Coming out of the Zoom meeting monotony under which the first shoe was designed, Sallee mentions Melo’s vibrant personality and in-person feedback during a series of meetings at the Puma office just outside of Boston and in brainstorm sessions in Charlotte.
After the first shoe was drafted from the wings of his chest tattoo, the second shoe continued that design language. Ball added more ink over the summer, with that same batch of phrases and red flames taking up some serious real estate across his forearms and hands.
“His personality is about supreme confidence,” added Sallee. “He’s got his own fashion sense and he likes a lot of things, whether we or anyone else likes them. He’s gonna wear it proudly and make it cool. There’s a lot of things that he embodies and has a lot of characteristics that have just worked out for a signature athlete.”
As he enters his third NBA season, the impact Ball has been able to drive for the overall Puma brand is already being felt.
“It’s been phenomenal,” Berger said of the Foot Locker partnership with Puma on the LaMelo series. “We had high expectations for it, but it’s unbelievably strong.”
“Puma and LaMelo Ball’s MB franchise consistently remains one of our most popular sneaker offerings at Foot Locker, Kids Foot Locker, and Champs Sports,” said Holly Tedesco, vice president of marketing at Foot Locker Inc. “Since the MB.01 first launched through the recent debut of the MB.02, we have seen tremendous anticipation and interest from our customers.”
That impact has even extended into third-party resell platforms, such as StockX, where Puma hasn’t historically held firm footing in aftermarkets dominated by retro Air Jordan and Adidas Yeezy models.

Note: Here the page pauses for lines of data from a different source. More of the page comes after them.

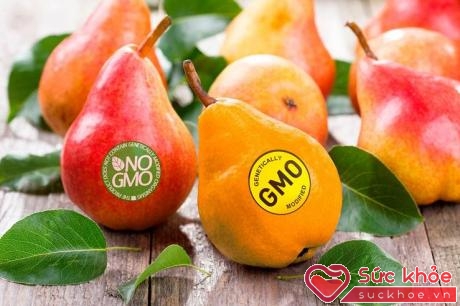 Nước ta đang là quốc gia có số lượng thực phẩm GMO cao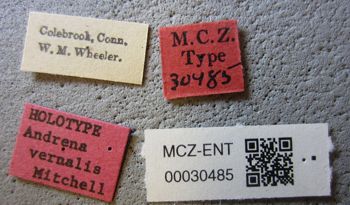Media type: image;   Entomology 30485 Aspect: labels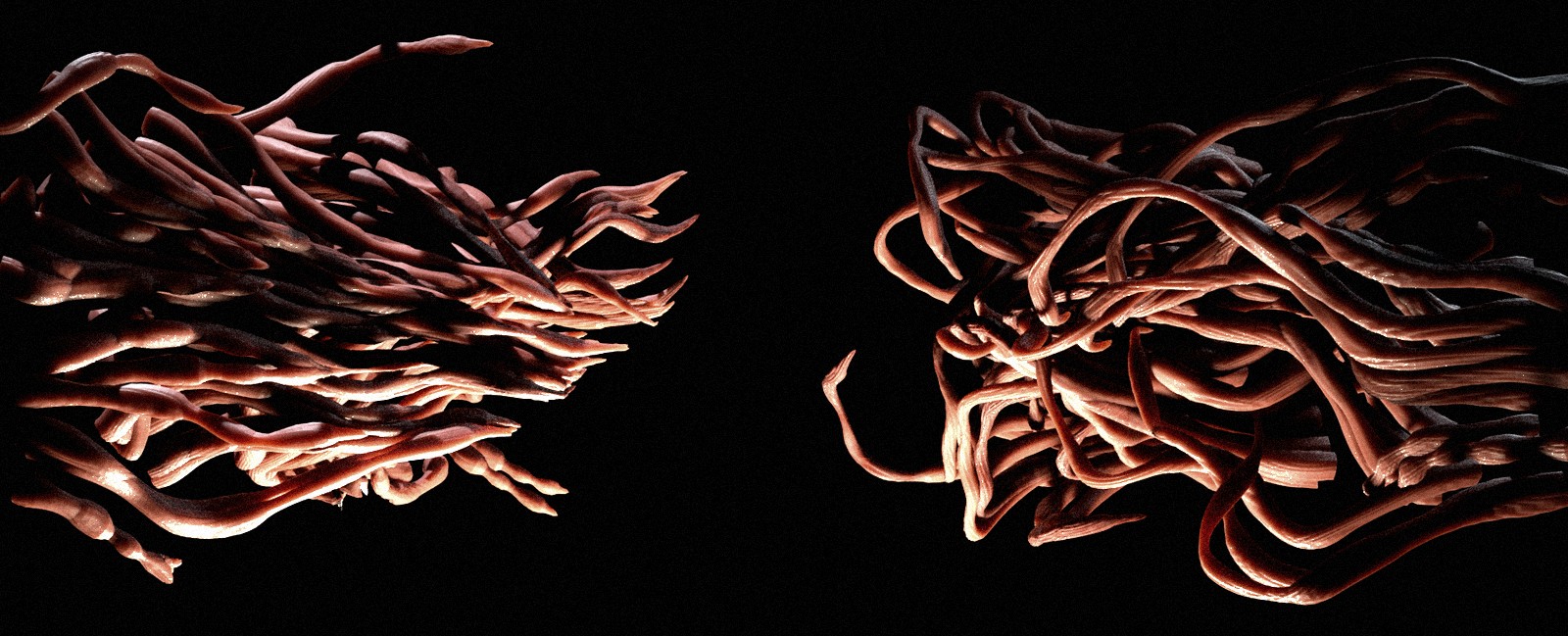 Flying Lotus 3D live visuals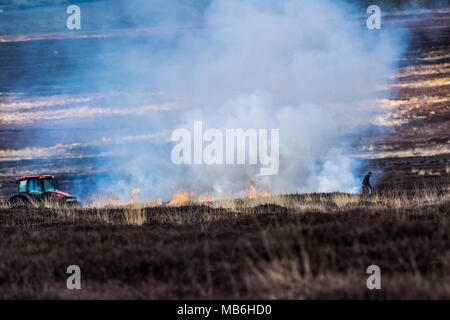 Burning the Moors. North Yorks Moors. England Stock Photo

According to Drew Haines, StockX’s merchandising director of collectibles & sneakers, in just a year’s time, the interest level in Ball has far exceeded other athletes and designers.
In the Silhouettes section under StockX Search Spikes, searches for “Puma MB.01” have jumped by 6,008% year over year. In the platform’s People section, inquiries for “LaMelo Ball” have increased 1,660% year over year. The next highest rising person is sculptor Tom Sachs, whose successful General Purpose collaboration with Nike contributed to a 1,008% spike. Atlanta Hawks guard Trae Young is a distant third, with a search increase of 213%.
“Performance basketball shoes are gaining popularity on StockX, and LaMelo Ball’s MB.01 is very much at the center of this trend,” said Haines. “Only released in December of last year, it’s already become one of the top-selling performance basketball silhouettes on StockX.”
During that same period, Puma has been the No. 2 fastest-growing brand in the sneakers category on StockX.
“This growth was due in large part to the success of LaMelo Ball’s MB.01 sneaker line,” added Haines. “We’ve seen trades of Puma sneakers increase by 415% year over year on StockX, and that simply wouldn’t have happened without the success of the MB.01.”
With two colorways of his second shoe out now and a runway for success ahead, the Puma Hoops category has come a long way since its relaunch in 2018.
Landing Ball was the spark the brand was looking for to carry Puma into the next decade.
“It was perfect,” said Sallee. “It’s what we needed, and we got it sooner than later, which was nice too. Having an athlete that could push the brand forward and push the category forward, for real. When you’re starting up the basketball category, if you don’t do it right, you could ruin it quick. Melo definitely helped a lot, and his personality is perfect for being the lead dude at a brand. It was a godsend for real.”